§ Provided data:
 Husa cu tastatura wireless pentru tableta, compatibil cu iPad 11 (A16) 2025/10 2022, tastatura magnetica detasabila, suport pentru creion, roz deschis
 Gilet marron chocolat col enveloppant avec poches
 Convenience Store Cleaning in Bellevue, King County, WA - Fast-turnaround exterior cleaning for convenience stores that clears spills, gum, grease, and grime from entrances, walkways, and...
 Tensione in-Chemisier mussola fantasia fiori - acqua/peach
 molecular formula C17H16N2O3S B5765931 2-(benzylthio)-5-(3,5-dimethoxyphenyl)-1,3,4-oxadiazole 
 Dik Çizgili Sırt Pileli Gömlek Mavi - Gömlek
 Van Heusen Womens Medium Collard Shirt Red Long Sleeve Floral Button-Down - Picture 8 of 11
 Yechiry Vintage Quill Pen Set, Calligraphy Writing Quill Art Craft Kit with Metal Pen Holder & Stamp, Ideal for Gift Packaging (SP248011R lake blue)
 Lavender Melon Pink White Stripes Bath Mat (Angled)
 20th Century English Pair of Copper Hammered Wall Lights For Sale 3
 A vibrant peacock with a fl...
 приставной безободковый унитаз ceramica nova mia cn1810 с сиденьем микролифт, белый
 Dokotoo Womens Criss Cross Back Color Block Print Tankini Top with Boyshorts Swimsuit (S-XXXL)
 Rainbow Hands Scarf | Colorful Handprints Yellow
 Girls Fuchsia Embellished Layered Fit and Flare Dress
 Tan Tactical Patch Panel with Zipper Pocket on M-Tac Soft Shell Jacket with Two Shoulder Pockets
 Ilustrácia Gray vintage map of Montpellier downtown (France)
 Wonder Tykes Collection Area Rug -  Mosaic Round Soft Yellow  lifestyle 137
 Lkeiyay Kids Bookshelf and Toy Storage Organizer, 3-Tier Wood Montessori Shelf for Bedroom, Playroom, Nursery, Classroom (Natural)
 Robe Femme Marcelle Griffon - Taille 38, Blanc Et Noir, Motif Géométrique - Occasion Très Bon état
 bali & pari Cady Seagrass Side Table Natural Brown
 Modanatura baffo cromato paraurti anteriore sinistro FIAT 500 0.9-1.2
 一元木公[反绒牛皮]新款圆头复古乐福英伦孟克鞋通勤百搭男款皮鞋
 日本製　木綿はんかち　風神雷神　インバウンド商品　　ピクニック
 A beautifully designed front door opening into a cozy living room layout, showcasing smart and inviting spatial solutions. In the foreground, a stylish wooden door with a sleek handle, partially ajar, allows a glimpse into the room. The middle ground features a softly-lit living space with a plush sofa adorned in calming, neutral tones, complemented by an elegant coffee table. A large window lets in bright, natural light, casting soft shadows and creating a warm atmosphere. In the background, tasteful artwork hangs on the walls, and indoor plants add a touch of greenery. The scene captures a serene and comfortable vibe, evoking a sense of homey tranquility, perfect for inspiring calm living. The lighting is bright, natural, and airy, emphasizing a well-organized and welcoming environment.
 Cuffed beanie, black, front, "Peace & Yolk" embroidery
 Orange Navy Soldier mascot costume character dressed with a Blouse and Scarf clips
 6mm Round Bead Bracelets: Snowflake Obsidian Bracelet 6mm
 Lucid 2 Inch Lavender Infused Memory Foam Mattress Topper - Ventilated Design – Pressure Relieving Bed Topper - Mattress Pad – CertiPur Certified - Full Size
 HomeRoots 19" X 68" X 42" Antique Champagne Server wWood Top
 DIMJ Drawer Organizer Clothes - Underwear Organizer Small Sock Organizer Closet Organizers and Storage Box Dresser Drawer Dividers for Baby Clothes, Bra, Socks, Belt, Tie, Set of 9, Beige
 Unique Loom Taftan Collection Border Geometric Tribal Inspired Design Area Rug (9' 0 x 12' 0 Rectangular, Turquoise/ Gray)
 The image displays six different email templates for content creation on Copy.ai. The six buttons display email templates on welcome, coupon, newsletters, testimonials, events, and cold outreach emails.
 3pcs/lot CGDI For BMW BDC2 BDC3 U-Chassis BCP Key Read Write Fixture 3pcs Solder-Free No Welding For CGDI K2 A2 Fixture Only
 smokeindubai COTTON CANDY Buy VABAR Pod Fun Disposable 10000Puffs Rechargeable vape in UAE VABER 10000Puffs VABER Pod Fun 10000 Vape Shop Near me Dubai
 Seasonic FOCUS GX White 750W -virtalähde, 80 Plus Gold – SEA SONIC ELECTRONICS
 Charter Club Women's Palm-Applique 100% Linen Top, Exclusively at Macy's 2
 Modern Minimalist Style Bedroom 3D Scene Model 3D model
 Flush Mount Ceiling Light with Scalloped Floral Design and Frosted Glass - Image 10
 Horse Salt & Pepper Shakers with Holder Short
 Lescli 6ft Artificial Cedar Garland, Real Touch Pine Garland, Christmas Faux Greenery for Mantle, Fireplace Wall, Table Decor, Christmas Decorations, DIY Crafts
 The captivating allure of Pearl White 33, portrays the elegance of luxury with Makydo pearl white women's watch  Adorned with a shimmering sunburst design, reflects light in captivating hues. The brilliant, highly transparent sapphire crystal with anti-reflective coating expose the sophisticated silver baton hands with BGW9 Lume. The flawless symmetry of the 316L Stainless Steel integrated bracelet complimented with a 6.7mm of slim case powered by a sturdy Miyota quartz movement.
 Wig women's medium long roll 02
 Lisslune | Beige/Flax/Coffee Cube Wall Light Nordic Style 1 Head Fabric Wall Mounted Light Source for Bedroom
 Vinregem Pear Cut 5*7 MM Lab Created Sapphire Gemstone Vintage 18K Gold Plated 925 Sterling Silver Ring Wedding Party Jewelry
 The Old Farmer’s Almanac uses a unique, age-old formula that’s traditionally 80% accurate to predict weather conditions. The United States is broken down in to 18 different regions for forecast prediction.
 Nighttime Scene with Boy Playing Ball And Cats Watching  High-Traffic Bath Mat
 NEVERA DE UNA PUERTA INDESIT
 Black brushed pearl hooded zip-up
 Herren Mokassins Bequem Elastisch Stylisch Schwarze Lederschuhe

§ Work required: Set down all of the data above again, exactly.

§ Response for this exercise:
 Husa cu tastatura wireless pentru tableta, compatibil cu iPad 11 (A16) 2025/10 2022, tastatura magnetica detasabila, suport pentru creion, roz deschis
 Gilet marron chocolat col enveloppant avec poches
 Convenience Store Cleaning in Bellevue, King County, WA - Fast-turnaround exterior cleaning for convenience stores that clears spills, gum, grease, and grime from entrances, walkways, and...
 Tensione in-Chemisier mussola fantasia fiori - acqua/peach
 molecular formula C17H16N2O3S B5765931 2-(benzylthio)-5-(3,5-dimethoxyphenyl)-1,3,4-oxadiazole 
 Dik Çizgili Sırt Pileli Gömlek Mavi - Gömlek
 Van Heusen Womens Medium Collard Shirt Red Long Sleeve Floral Button-Down - Picture 8 of 11
 Yechiry Vintage Quill Pen Set, Calligraphy Writing Quill Art Craft Kit with Metal Pen Holder & Stamp, Ideal for Gift Packaging (SP248011R lake blue)
 Lavender Melon Pink White Stripes Bath Mat (Angled)
 20th Century English Pair of Copper Hammered Wall Lights For Sale 3
 A vibrant peacock with a fl...
 приставной безободковый унитаз ceramica nova mia cn1810 с сиденьем микролифт, белый
 Dokotoo Womens Criss Cross Back Color Block Print Tankini Top with Boyshorts Swimsuit (S-XXXL)
 Rainbow Hands Scarf | Colorful Handprints Yellow
 Girls Fuchsia Embellished Layered Fit and Flare Dress
 Tan Tactical Patch Panel with Zipper Pocket on M-Tac Soft Shell Jacket with Two Shoulder Pockets
 Ilustrácia Gray vintage map of Montpellier downtown (France)
 Wonder Tykes Collection Area Rug -  Mosaic Round Soft Yellow  lifestyle 137
 Lkeiyay Kids Bookshelf and Toy Storage Organizer, 3-Tier Wood Montessori Shelf for Bedroom, Playroom, Nursery, Classroom (Natural)
 Robe Femme Marcelle Griffon - Taille 38, Blanc Et Noir, Motif Géométrique - Occasion Très Bon état
 bali & pari Cady Seagrass Side Table Natural Brown
 Modanatura baffo cromato paraurti anteriore sinistro FIAT 500 0.9-1.2
 一元木公[反绒牛皮]新款圆头复古乐福英伦孟克鞋通勤百搭男款皮鞋
 日本製　木綿はんかち　風神雷神　インバウンド商品　　ピクニック
 A beautifully designed front door opening into a cozy living room layout, showcasing smart and inviting spatial solutions. In the foreground, a stylish wooden door with a sleek handle, partially ajar, allows a glimpse into the room. The middle ground features a softly-lit living space with a plush sofa adorned in calming, neutral tones, complemented by an elegant coffee table. A large window lets in bright, natural light, casting soft shadows and creating a warm atmosphere. In the background, tasteful artwork hangs on the walls, and indoor plants add a touch of greenery. The scene captures a serene and comfortable vibe, evoking a sense of homey tranquility, perfect for inspiring calm living. The lighting is bright, natural, and airy, emphasizing a well-organized and welcoming environment.
 Cuffed beanie, black, front, "Peace & Yolk" embroidery
 Orange Navy Soldier mascot costume character dressed with a Blouse and Scarf clips
 6mm Round Bead Bracelets: Snowflake Obsidian Bracelet 6mm
 Lucid 2 Inch Lavender Infused Memory Foam Mattress Topper - Ventilated Design – Pressure Relieving Bed Topper - Mattress Pad – CertiPur Certified - Full Size
 HomeRoots 19" X 68" X 42" Antique Champagne Server wWood Top
 DIMJ Drawer Organizer Clothes - Underwear Organizer Small Sock Organizer Closet Organizers and Storage Box Dresser Drawer Dividers for Baby Clothes, Bra, Socks, Belt, Tie, Set of 9, Beige
 Unique Loom Taftan Collection Border Geometric Tribal Inspired Design Area Rug (9' 0 x 12' 0 Rectangular, Turquoise/ Gray)
 The image displays six different email templates for content creation on Copy.ai. The six buttons display email templates on welcome, coupon, newsletters, testimonials, events, and cold outreach emails.
 3pcs/lot CGDI For BMW BDC2 BDC3 U-Chassis BCP Key Read Write Fixture 3pcs Solder-Free No Welding For CGDI K2 A2 Fixture Only
 smokeindubai COTTON CANDY Buy VABAR Pod Fun Disposable 10000Puffs Rechargeable vape in UAE VABER 10000Puffs VABER Pod Fun 10000 Vape Shop Near me Dubai
 Seasonic FOCUS GX White 750W -virtalähde, 80 Plus Gold – SEA SONIC ELECTRONICS
 Charter Club Women's Palm-Applique 100% Linen Top, Exclusively at Macy's 2
 Modern Minimalist Style Bedroom 3D Scene Model 3D model
 Flush Mount Ceiling Light with Scalloped Floral Design and Frosted Glass - Image 10
 Horse Salt & Pepper Shakers with Holder Short
 Lescli 6ft Artificial Cedar Garland, Real Touch Pine Garland, Christmas Faux Greenery for Mantle, Fireplace Wall, Table Decor, Christmas Decorations, DIY Crafts
 The captivating allure of Pearl White 33, portrays the elegance of luxury with Makydo pearl white women's watch  Adorned with a shimmering sunburst design, reflects light in captivating hues. The brilliant, highly transparent sapphire crystal with anti-reflective coating expose the sophisticated silver baton hands with BGW9 Lume. The flawless symmetry of the 316L Stainless Steel integrated bracelet complimented with a 6.7mm of slim case powered by a sturdy Miyota quartz movement.
 Wig women's medium long roll 02
 Lisslune | Beige/Flax/Coffee Cube Wall Light Nordic Style 1 Head Fabric Wall Mounted Light Source for Bedroom
 Vinregem Pear Cut 5*7 MM Lab Created Sapphire Gemstone Vintage 18K Gold Plated 925 Sterling Silver Ring Wedding Party Jewelry
 The Old Farmer’s Almanac uses a unique, age-old formula that’s traditionally 80% accurate to predict weather conditions. The United States is broken down in to 18 different regions for forecast prediction.
 Nighttime Scene with Boy Playing Ball And Cats Watching  High-Traffic Bath Mat
 NEVERA DE UNA PUERTA INDESIT
 Black brushed pearl hooded zip-up
 Herren Mokassins Bequem Elastisch Stylisch Schwarze Lederschuhe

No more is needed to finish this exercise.